Microsoft Research Cambridge head Andrew Blake has been appointed director of the new Alan Turing Institute in the UK.
In a statement, The Alan Turing Institute, which will develop the use of advanced mathematics, computer science, algorithms and ‘Big Data’, said: “We are absolutely delighted that Andrew Blake has agreed to become the Institute’s first Director. His experience, drive, wisdom and enthusiasm will get the Institute off to a great start.”
Blake, who will join in October, added: “I am very excited to be chosen for this unique opportunity to lead The Alan Turing Institute. The vision of bringing together the mathematical and computer scientists from the country’s top universities to develop the new discipline of data science, through an independent institute with strategic links to commerce and industry, is very compelling. The institute has a societally important mission and ambitious research goals. We will go all out to achieve them."
The Institute is a joint venture between the universities of Cambridge, Edinburgh, Oxford, Warwick, UCL and Engineering and Physical Sciences Research Council (EPSRC).

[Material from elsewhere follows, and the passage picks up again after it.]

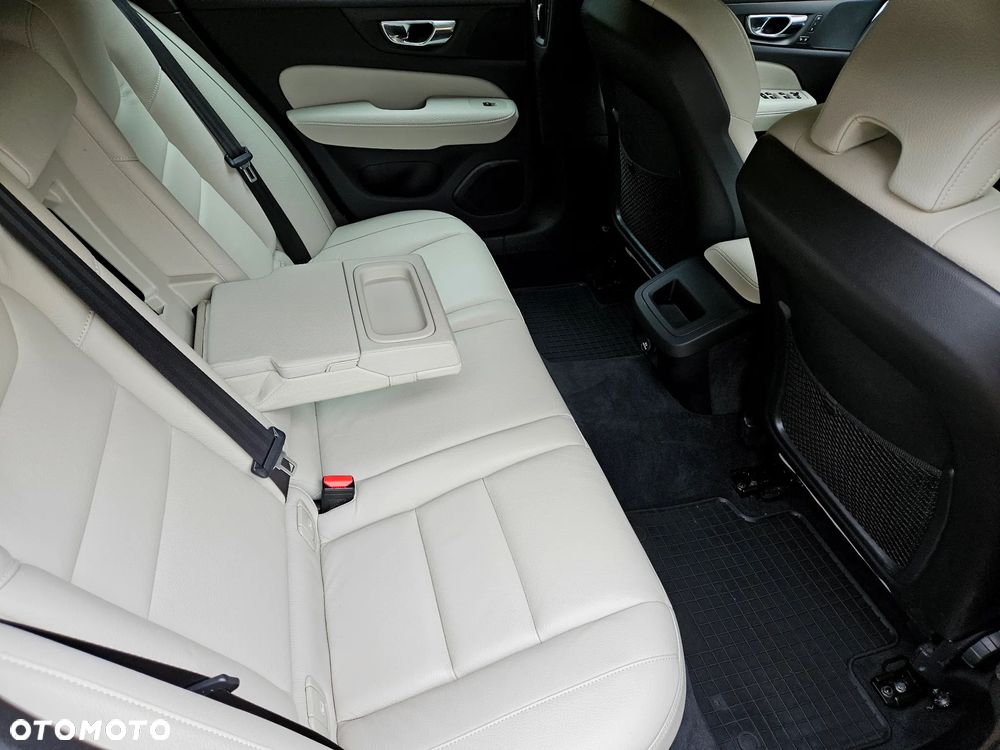 Volvo V60 T5 Geartronic Inscription - 17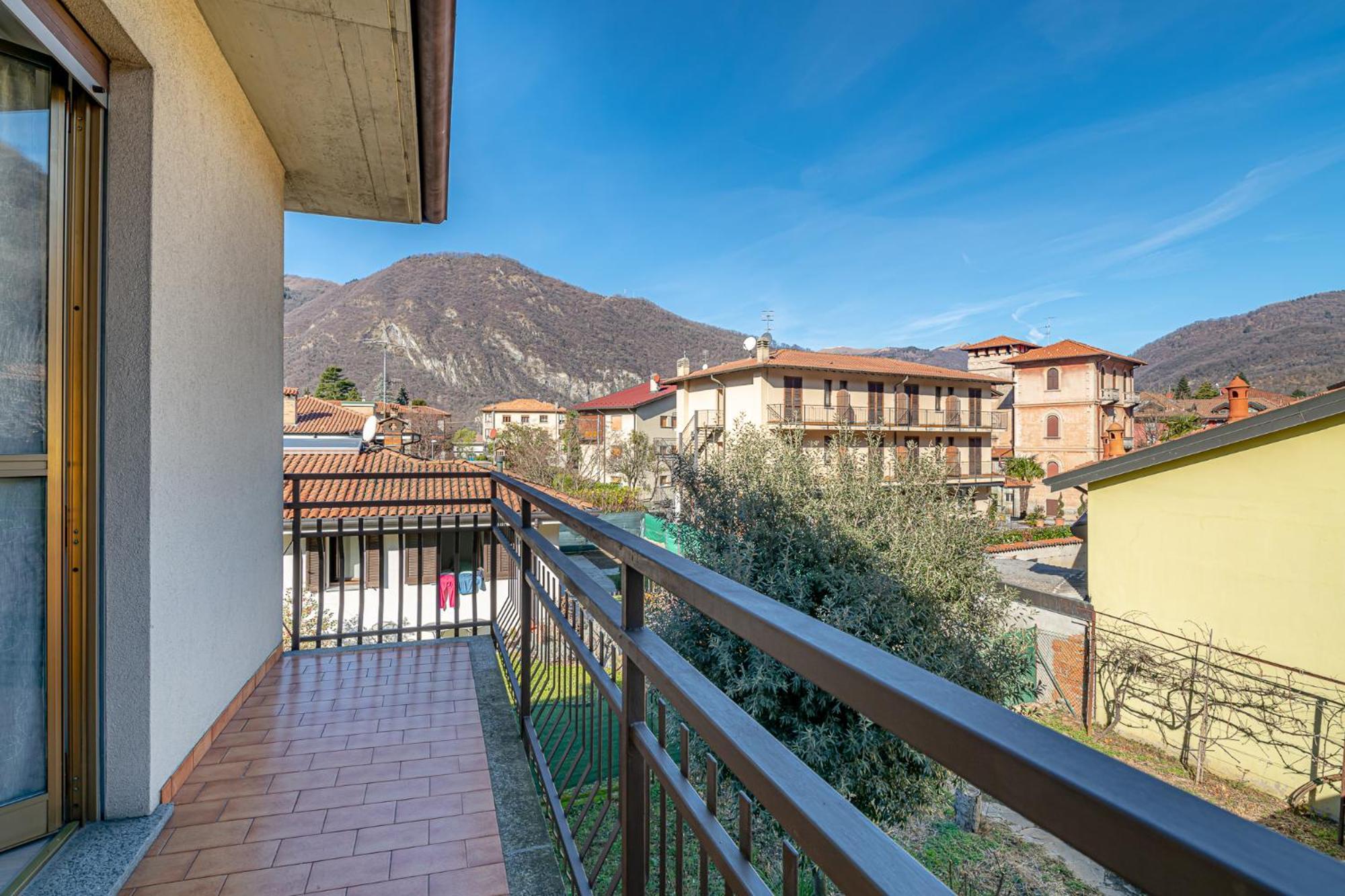 Civico 62 Relax Vicino Al Lago Canzo Exterior foto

It is being funded over five years with £42 million from the UK government. The university partners are contributing £5 million each, totaling £25 million. In addition, the Institute will seek to partner with other business and government bodies.
The creation of the Institute has been coordinated by the EPSRC which invests in research and postgraduate training across the UK.
Blake bio
As well as serving as head of Microsoft Research Cambridge, Blake is an honorary professor in information engineering at the University of Cambridge, and a leading researcher in computer vision.
In 2010 he became laboratory director at Microsoft, was appointed to the council of the Royal Society, and to the council of the EPSRC in 2012. He holds honorary doctorates at the Universities of Edinburgh and Sheffield.
In 1999 he moved to Microsoft Research in Cambridge to found the Computer Vision Group which developed algorithms for image processing and 3D vision underlying several Microsoft technologies.
He studied mathematics and electrical sciences at Trinity College, Cambridge and after a year as a Kennedy Scholar at MIT and time in the electronics industry, he completed a PhD in artificial intelligence at the University of Edinburgh in 1983.